• [Task goal]: Repeat exactly the lines of the records below, starting at the line containing "微信图片_2026-10-23_100423_280.jpg" and ending at the line containing "画像1: 日本酒　國乃長　大吟醸　720ml　（専用箱付き） (1)". Leave the pictures out.

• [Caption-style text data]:

'''

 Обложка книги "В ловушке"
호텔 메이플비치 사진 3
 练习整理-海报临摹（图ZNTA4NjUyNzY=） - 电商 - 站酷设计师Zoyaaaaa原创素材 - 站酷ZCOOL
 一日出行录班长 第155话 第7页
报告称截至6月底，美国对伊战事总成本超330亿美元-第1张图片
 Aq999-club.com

'''
'''

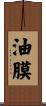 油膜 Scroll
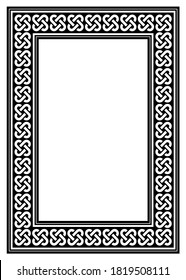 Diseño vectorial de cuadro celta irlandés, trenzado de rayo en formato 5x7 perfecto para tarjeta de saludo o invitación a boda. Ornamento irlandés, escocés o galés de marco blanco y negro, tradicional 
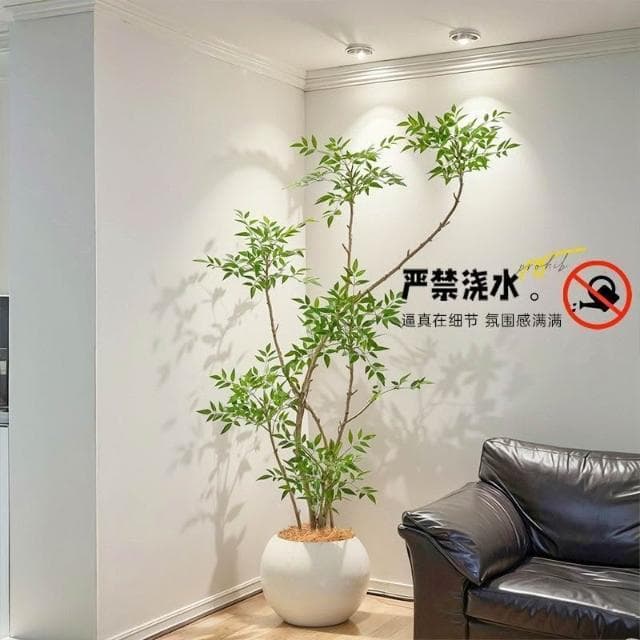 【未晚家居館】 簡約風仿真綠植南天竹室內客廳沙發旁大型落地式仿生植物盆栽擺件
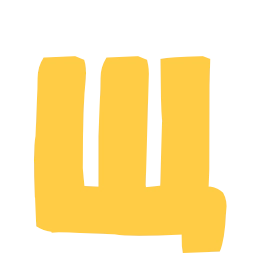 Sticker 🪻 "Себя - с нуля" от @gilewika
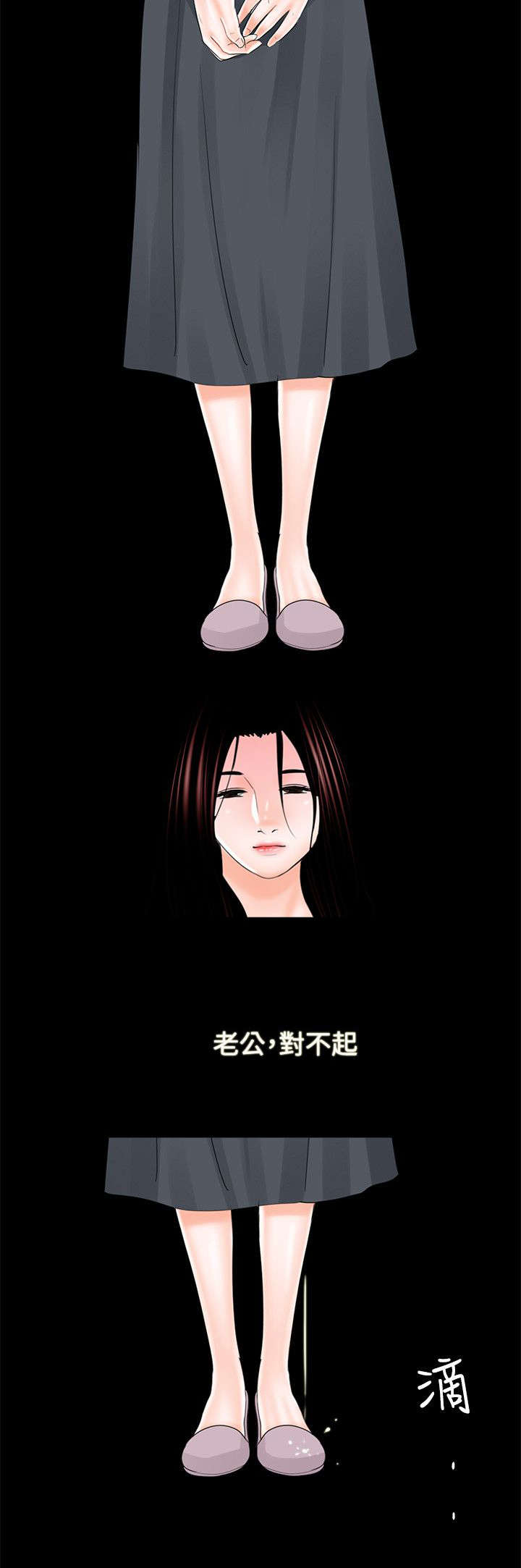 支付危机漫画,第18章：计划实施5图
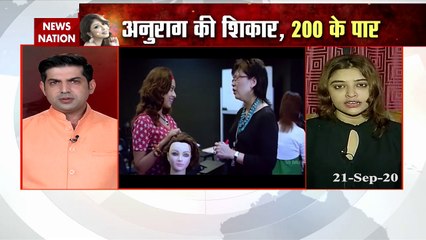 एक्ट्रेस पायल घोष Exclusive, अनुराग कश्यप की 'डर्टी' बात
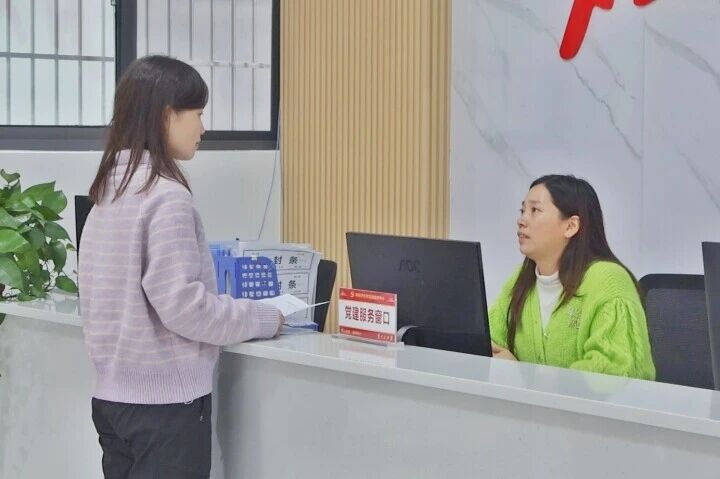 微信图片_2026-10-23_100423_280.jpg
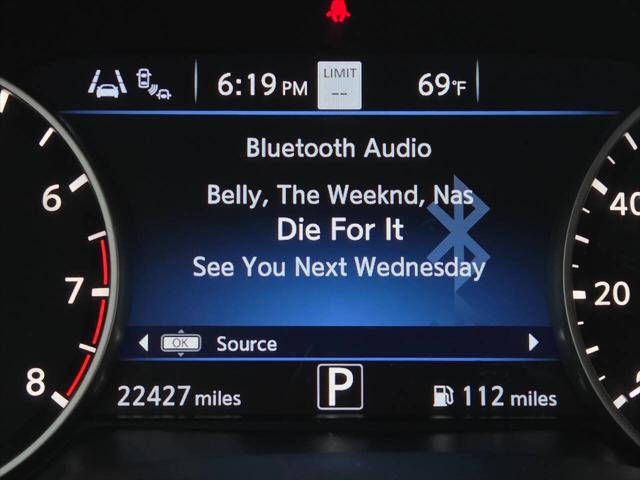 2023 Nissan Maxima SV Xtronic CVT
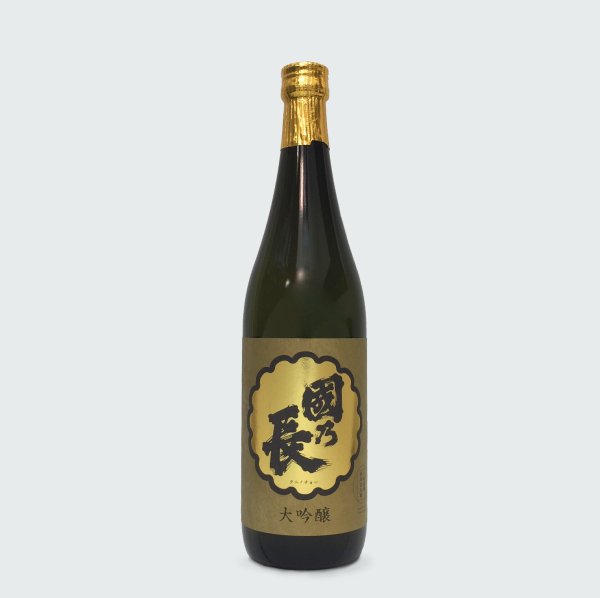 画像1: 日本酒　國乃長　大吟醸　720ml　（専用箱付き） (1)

'''

• [Task solution]:
 微信图片_2026-10-23_100423_280.jpg
 2023 Nissan Maxima SV Xtronic CVT
 画像1: 日本酒　國乃長　大吟醸　720ml　（専用箱付き） (1)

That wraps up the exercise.